Monday, September 5, 2011

The End

The transformations effected, in the women particularly, by the white hair and the other new features, would not have held my attention so forcibly had they been merely changes of colour, which can be charming to behold; too often they were changes of personality, registered not by the eye but, disturbingly, by the mind. For to "recognise" someone and, a fortiori, to learn someone's identity after having failed to recogise him, is to predicate two contradictory things of a single subject, it is to admit that what was here, the person whom one remembers, no longer exists, and also that what was here, and also that what is now here is a person whom one did not know to exist; and to do this we have to apprehend a mystery almost as disturbing as that of death, of which it is, indeed, as it were the preface and the harbinger. 

The narrator here is returning to Paris society after years spent in a rest home. As he walks through the rooms crowded with the fashionable people he had mingled with long ago, he has trouble putting names and identities to faces, which have metamorphosed from those of blushing beauties and distinguished gentlemen into the decrepit visages of old age. It's as if he were attending his fiftieth high school renunion and were unable to fit the haggard face with the name tag.

I thought of these lines when I visited my mother in the Alzheimer's facility yesterday. She was in a back room sitting with other residents in a circle and singing a song that went "Holy, holy, holy." I couldn't locate her at first, and then finally, (was this my mother?), I saw a woman dressed in loose clothes I didn't recognize and who had the slightly tired, immobile expression of someone who has been institutionalized. This happens every time I visit.

Happily, as soon as she saw me, she recognized me, and came out to give me a big hug. Her hair had been cropped "Jean Seberg-style" (a link she would have appeciated since Breathless used to be her favorite movie), and and the extra weight she was holding, in addition to her plain, scrubbed face, made her look anonymous.

Is this still my mother? Who is this woman who looks so different from her former self? She eats her lunch--a turkey sandwich with chips and then cake with ice cream--with obvious relish. This is my athletic mother who starved herself to fit into extra small, fashionable clothing. She would have been horrified to see this new version of herself who no longer looks like my strikingly beautiful mother.

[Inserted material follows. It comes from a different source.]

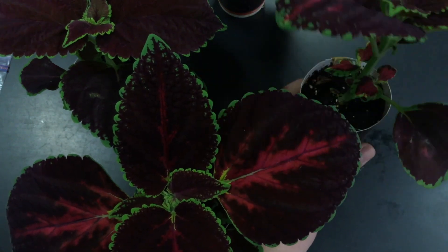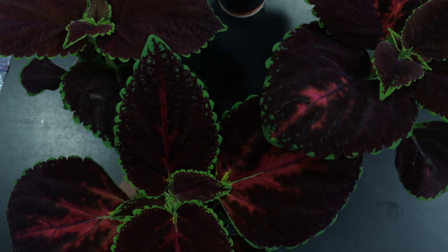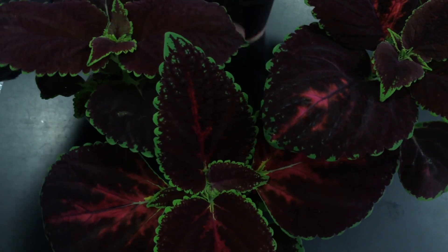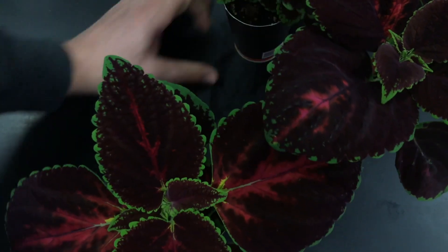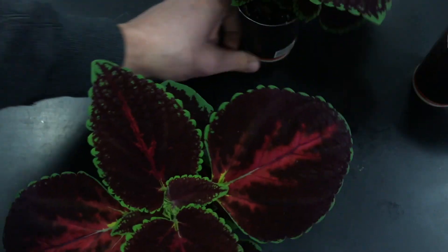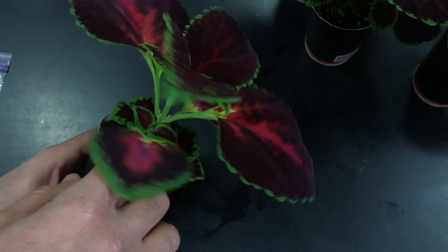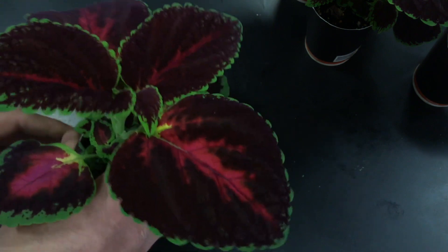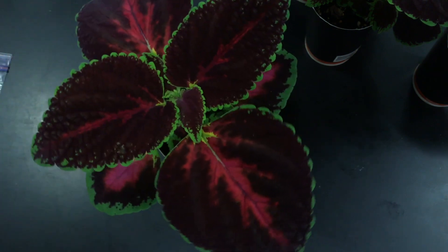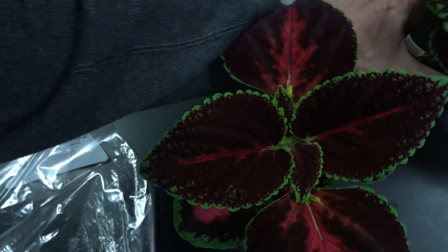Since we're going to measure the rate of water loss, we need to make sure the water doesn't evaporate from the top of the plant pot or soil. So we're going to bag these plants. I have four plants — one being the control, which will be under 12-hour light. The idea is to make sure there's no evaporation from the soil, so that all transpiration occurs from the leaves.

What is she thinking? I've learned to avoid questions and stick with positive statements. Questions lead to dangerous, uncharted territory and usually are answered with a blank, frustrated stare. I miss her so much. Her lively sense of humor, her love of literature (and the mystery novels she used to go through like water), her attention to nature and the changing of the seasons, her endless delight in various neighborhood dogs, and her green thumb. I wish I could tell her things about my life and get her reaction and advice. Like Proust's society friends, she has in one sense disappeared forever.  

I still have her in a sense, but I'm not sure who she is anymore. She has changed so much since I started reading Proust. This year's journey has been about my mother and my gradual loss of her--first to a higher stage of Alzheimer's and then to a facility. Just a year ago, she was violently in love with Paul McCartney. Now she is almost without affect. There's something frozen about her that I would love to nurture and thaw out.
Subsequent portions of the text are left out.